The Secretary of State for Health asked the Human Fertilisation and Embryology Authority (HFEA), in February 2011, to carry out a scientific review to scope 'expert views on the effectiveness and safety of mitochondrial transfer'. This review (4) concluded that as these techniques are so new, further experiments would be required before advice could be given as to whether the first clinical trials should be allowed to go ahead.

Encouragingly, it was announced last month that a new Wellcome Trust Centre for Mitochondrial Research (5) will be set up in Newcastle which will allow this research to move forward. Professor Turnbull will be the Director of the new centre and researchers will carry out the tests they hope will satisfy the HFEA that these techniques are safe and effective.

Secondly, the Government asked the HFEA and Sciencewise-ERC to seek the views of the general public on the possible use of these techniques in the clinic (6).

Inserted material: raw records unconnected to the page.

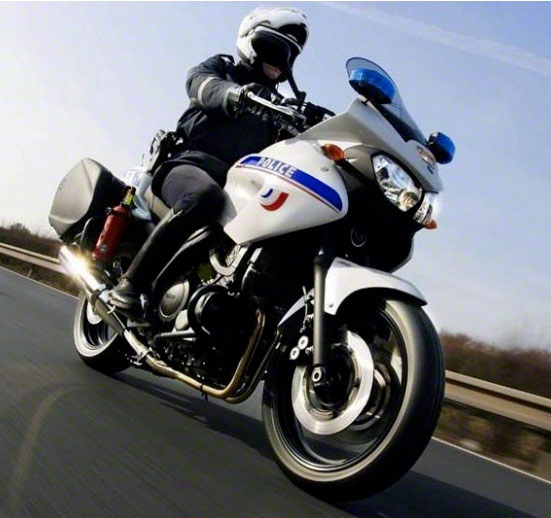 Полицейский мотоцикл Yamaha TDM900
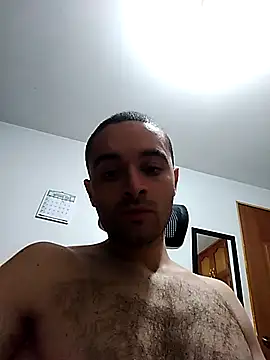 Snapshot of andrew_co chatting on September 18, 6:37 am andrew co online show from September 18, 6:37 am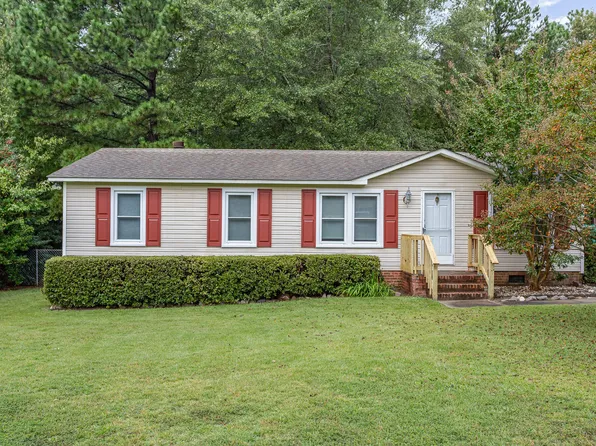 154 Woodbridge Dr, Spring Lake, NC 28390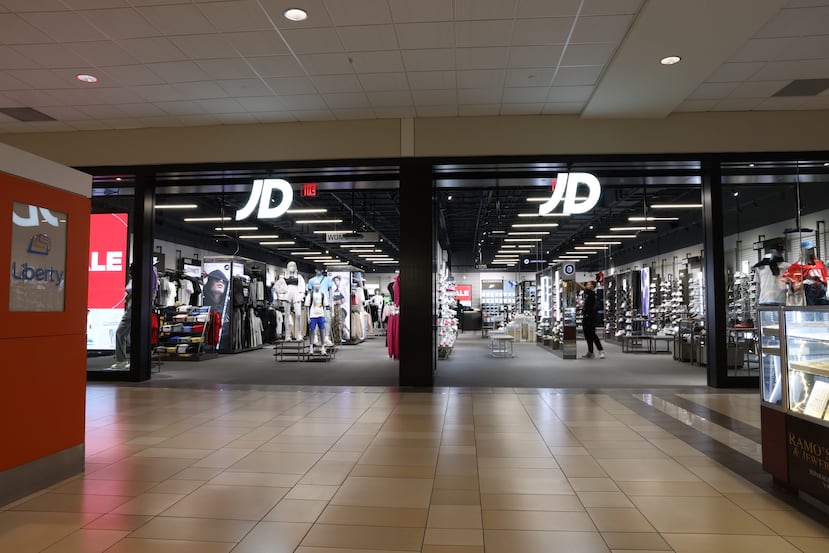 La reconocida marca de ropa y calzado deportivo JD ocupa más de 7,500 pies cuadrados en el primer nivel. Esta es su primera tienda en la isla.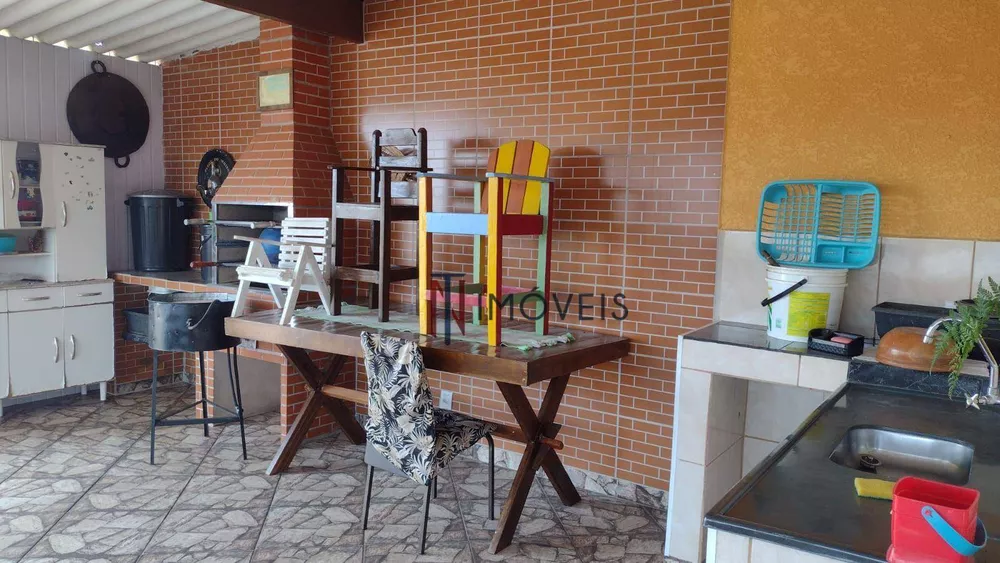 Sobrado à venda com 2 quartos, 300m² - Foto 3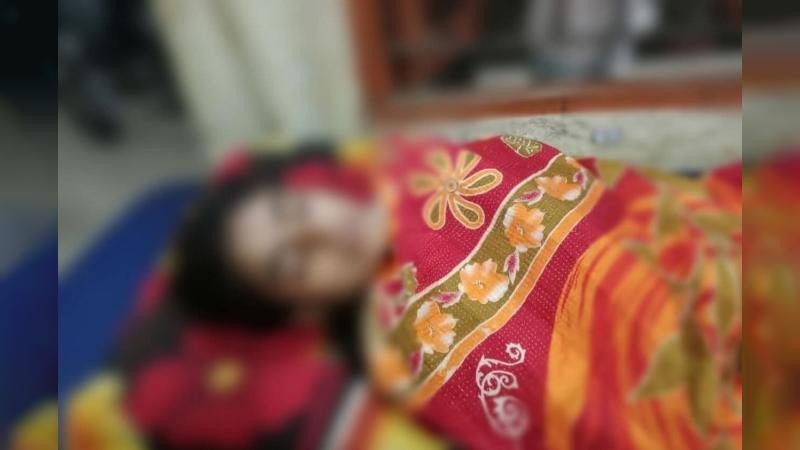 নিখোঁজের ১১ ঘণ্টা পর স্কুল ভবনে হাত-পা বাঁধা অবস্থায় স্কুল ছাত্রী উদ্ধার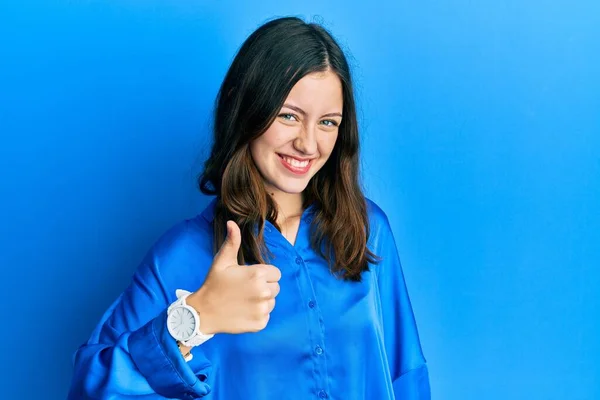 Junge Brünette Frau Lässigem Blauem Hemd Macht Glückliche Daumen Nach — Stockfoto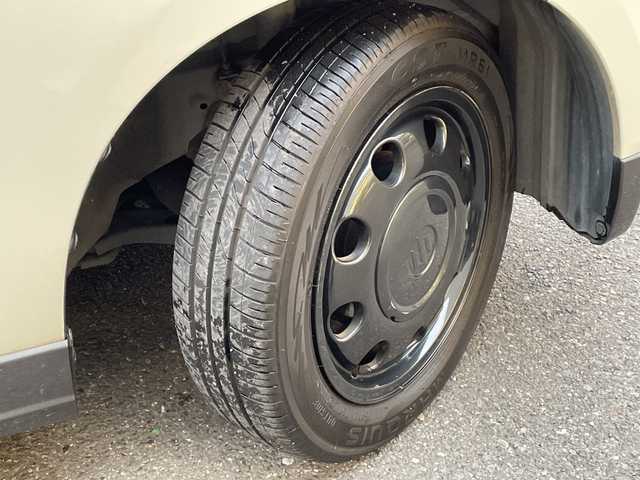 スズキ スペーシア ギア HYBRID XZ 埼玉県 2019(令1)年 4.7万km ピュアホワイトP 登録時46897km/ワンオーナー/純正８インチナビ/　・CD/DVD/BT/フルセグTV/アランドビューモニター/両側パワースライドドア/衝突軽減システム/レーンアシスト/コーナーセンサー/ルーフレール/キャリアー/ヘッドアップディスプレイ/LEDヘッドライト/フォグランプ/革巻きハンドル/ステアリングスイッチ/サイドエアロ/アイドリングストップ/ビルトインETC/ドライブレコーダー/プッシュスタート/スマートキー×2/前席シートヒーター/横滑り防止装置/ウィンカーミラー/シートリフター/純正フロアマット/純正ドアバイザー/取扱説明書/保証書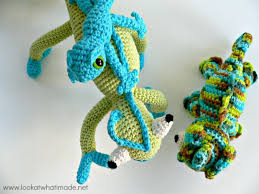 Discover free knitting patterns for socks, accessories, toys, hats, mittens, home décor and more. 4 Fabulous Crochet Lizard Patterns A Mini Round Up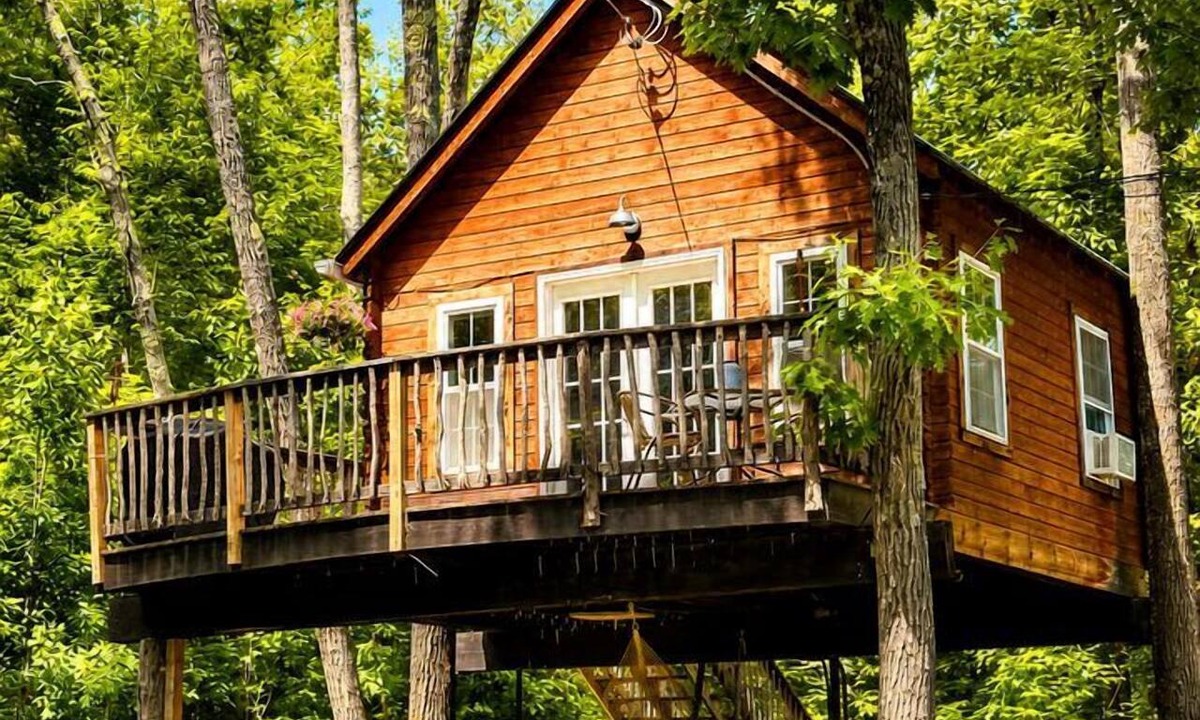 Stoneham Cabin | Romantic Treehouse with Forest Trails near White Mountain National Forest, Stoneham, Maine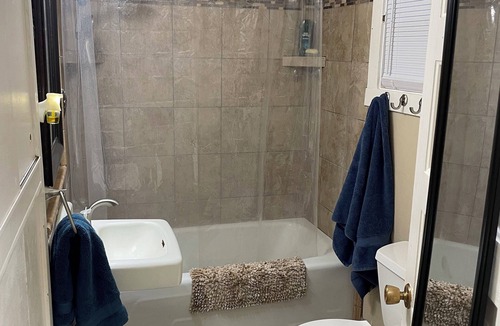 Spanish Fork House | Family-friendly 3 bdrm, office, large open kitchen with dining area & library.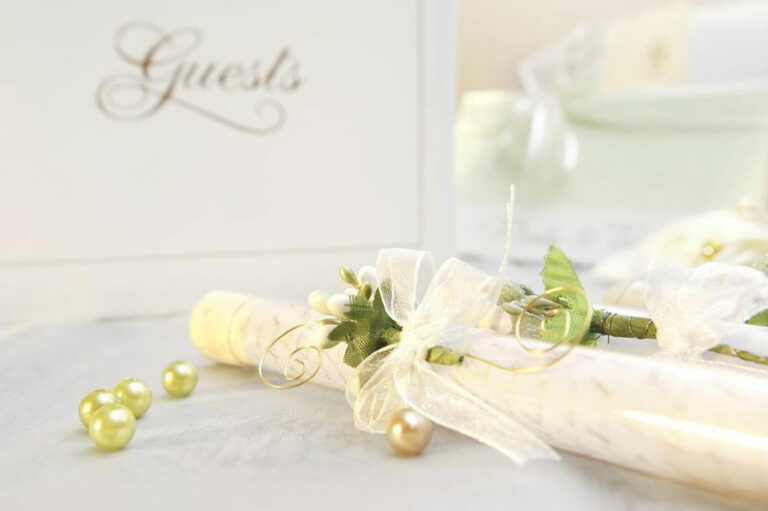 5 simple steps to make your own wedding invitation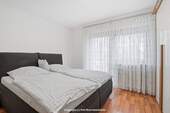 Schlafzimmer OG Einheit - 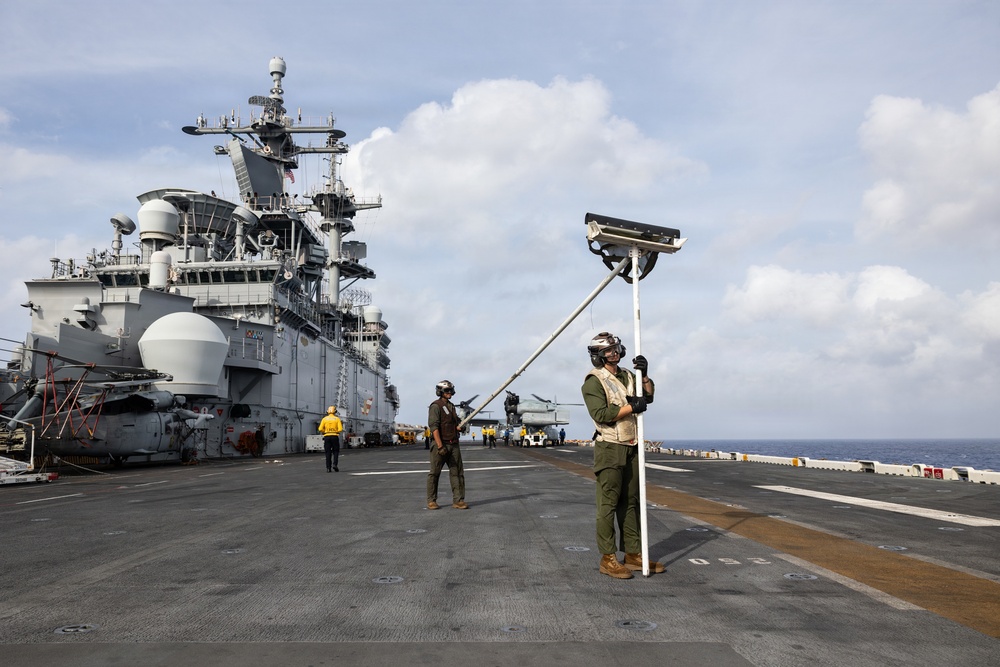 11th MEU Marines, Sailors Conduct Flight Operations Aboard USS Boxer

Mitochondrial transfer would seem to be an immediately controversial topic. News of research in the field is frequently greeted with newspaper headlines talking of 'three-parent babies' while fears are voiced over designer babies being the next step.

And yet, were these techniques to be put to use in the clinic, less than 0.1 percent of the resulting baby's DNA would come from the donated egg, and these genes would only be involved in energy production via the mitochondria, and nothing else. The techniques have been developed specifically for mitochondrial diseases, are not applicable to any other types of genetic conditions and cannot be used to alter the genes in the chromosomes. Therefore an important aspect of the HFEA's public consultation will be to communicate the complicated science involved to the public and raise awareness of its implications.

The Muscular Dystrophy Campaign will be representing the patient voice during the public consultation to make sure the public are aware of the immense potential this technology has to help families at risk from mitochondrial myopathies. In the absence of a cure or treatment for these conditions, this technology currently has the amazing potential to transform lives by breaking the chain of inheritance within families.